Roadside medicine men

Published: Apr 28, 2018

Traci Sudana

North-west of Monas, one of Indonesia’s best known monuments in Jakarta, all night, every night, you can find a sea of medicine men trading erectile dysfunction medication from stalls by the roadside. In an area unofficially known as the Las Vegas of Jakarta for its non-stop scene, customers come for the nightlife and the street traders offer products that promise to enrich night-time leisure pursuits for men – both young and old.

You can buy pills that promise to achieve longer, stronger erections, more stamina and even bigger penises. Think Pfizer-branded Viagra, Cialis from Eli Lilly, Bayer Levitra and the Chinese variant, Nangen, placed next to condoms and ‘magic tissues’ that promise to get rid of genital diseases. Also in the mix are tins, sachets and boxes brimming with powders, tinctures and syrups with names like Black Ant, Max-Man and King Eagle that claim to strengthen the body and prolong sexual experiences. These products are known as obat kuat (potency medicine) and many of them are also prescribed by doctors and dispensed at pharmacies.

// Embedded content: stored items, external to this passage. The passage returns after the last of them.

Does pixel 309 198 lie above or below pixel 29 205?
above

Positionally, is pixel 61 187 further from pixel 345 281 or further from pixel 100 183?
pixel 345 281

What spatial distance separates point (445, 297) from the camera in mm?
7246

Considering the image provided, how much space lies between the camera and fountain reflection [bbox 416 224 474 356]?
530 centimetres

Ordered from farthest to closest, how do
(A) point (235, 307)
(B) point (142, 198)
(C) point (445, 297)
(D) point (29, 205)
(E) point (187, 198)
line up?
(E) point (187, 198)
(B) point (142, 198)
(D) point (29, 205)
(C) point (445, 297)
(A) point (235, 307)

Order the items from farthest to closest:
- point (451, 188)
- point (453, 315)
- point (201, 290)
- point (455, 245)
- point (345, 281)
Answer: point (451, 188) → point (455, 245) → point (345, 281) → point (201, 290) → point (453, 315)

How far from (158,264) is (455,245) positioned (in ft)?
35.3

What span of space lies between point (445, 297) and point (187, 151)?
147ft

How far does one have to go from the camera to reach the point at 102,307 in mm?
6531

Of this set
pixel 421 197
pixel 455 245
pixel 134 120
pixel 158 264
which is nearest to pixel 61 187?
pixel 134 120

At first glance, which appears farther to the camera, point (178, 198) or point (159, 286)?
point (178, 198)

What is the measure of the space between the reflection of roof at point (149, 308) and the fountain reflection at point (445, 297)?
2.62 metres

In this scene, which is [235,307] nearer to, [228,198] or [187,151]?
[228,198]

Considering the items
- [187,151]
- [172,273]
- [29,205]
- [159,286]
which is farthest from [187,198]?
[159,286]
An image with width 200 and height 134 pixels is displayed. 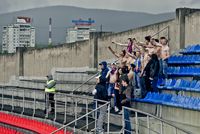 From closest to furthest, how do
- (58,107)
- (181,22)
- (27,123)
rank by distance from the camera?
(181,22) < (27,123) < (58,107)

Roadside medicine men are often demonised as urban pests and scapegoated for holding Indonesia back, especially in cities like Jakarta where they are blamed for exacerbating floods and traffic jams and making holes in footpaths. However the medicine men offer another way to distribute medicines and play a vital role in Jakarta’s healthcare sector.

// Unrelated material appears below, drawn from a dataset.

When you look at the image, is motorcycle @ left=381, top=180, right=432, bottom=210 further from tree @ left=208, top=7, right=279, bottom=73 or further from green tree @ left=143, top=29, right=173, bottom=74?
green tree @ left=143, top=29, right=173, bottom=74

Counterfeiting and control

Several of the sellers in north-west Jakarta are from the same village in Central Java’s Banjarnegara district. Tio, for example, came to Jakarta with a member of his extended family to learn the trade. Thirteen years later he owns his own cart and sells bootleg medicine to help support a family of seven: his wife, two sons, both parents and a grandmother.

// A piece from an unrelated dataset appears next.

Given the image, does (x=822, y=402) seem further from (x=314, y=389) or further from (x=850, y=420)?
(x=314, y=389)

The unauthorised use of brand names like Viagra and Cialis can draw the ire of global pharmaceutical companies which hold intellectual property right to these brands. As a member of the World Trade Organization and a signatory to several United Nations intellectual property treaties, the Indonesian government has legal obligations to protect intellectual property rights. Efforts to honour those obligations include work by the National Agency of Drug and Food Control, which regulates the sale of all medicines, and aims to confine some to sale by authorised dealers only – much like the global pharmaceutical brands.

Research into alternative modes of distribution such as roadside trading, including patterns of use of roadside medicines and community attitudes towards them, would provide valuable information to better understand and provide for healthcare needs in Indonesia. Such research could also help in revealing largely hidden problems such as erectile dysfunction, which men often either ignore or try to cure by self-medicating. This is worrying because erectile dysfunction can signal other less obvious but serious ailments like abdominal diabetes, obesity, hypertension and other vascular diseases that can be precursors for heart attacks and strokes. Colloquially, erectile dysfunction is referred to as ‘the canary in the coalmine’ and in Jakarta many of those affected consult medicine men on the roadside.

There is no question that the sale of unregulated medicines can pose health risks for the public. Regulators and others with a financial stake in discouraging the practice emphasise that the ingredients of unregulated medicine are not always known and that using medicine without advice from a health professional may end up dealing only with the symptoms rather than the cause. Worse still, it could cause injury or death.

An array of medicines on sale by the roadside

Why buy from the roadside?

Viagra, Cialis and Levitra are available via a doctor’s prescription in Indonesia. But not all Jakartans can afford to visit a doctor and, even if they could, there are other reasons why people prefer to consult roadside medicine men and buy their products. It's anonymous, immediate and also cheaper, particularly for erectile dysfunction treatments which are not all covered by the social security system. Equally influential is the fact that, from a young age, most Indonesians are already used to purchasing a wide range of goods and services from roadside stalls.

Formal recognition

What if, rather than seeing Tio and other like-minded roadside traders as a barrier to development, the Indonesian government integrated them into plans for improving the physical health of all Indonesians? Imagine a Jakarta where, rather than being viewed as urban pests, medicine men were regarded as vital players in the healthcare system. Jakarta’s ten million or so residents could certainly do with more high-quality healthcare.

As a starting point, policy-makers need to accept that roadside distribution channels are popular and work for many Indonesians. They should see roadside medicine men as an opportunity to expand healthcare rather than a threat to stakeholders' interests in Indonesia’s healthcare system. After all, the country’s middle class and its demand for health-related goods and services is only going to increase in the future.

With the opportunity for more training on how to comply with national and international standards, the endurance, discipline and professionalism of roadside traders like Tio could be just the way to unlock the full potential of Indonesia’s healthcare sector.

Traci Sudana (tsudana@usc.edu.au) is a PhD researcher in Anthropology and a sessional academic in the Faculty of Arts, Business and Law at the University of the Sunshine Coast. Traci has conducted 24 months of ethnographic field research between Banjarnegara and Jakarta.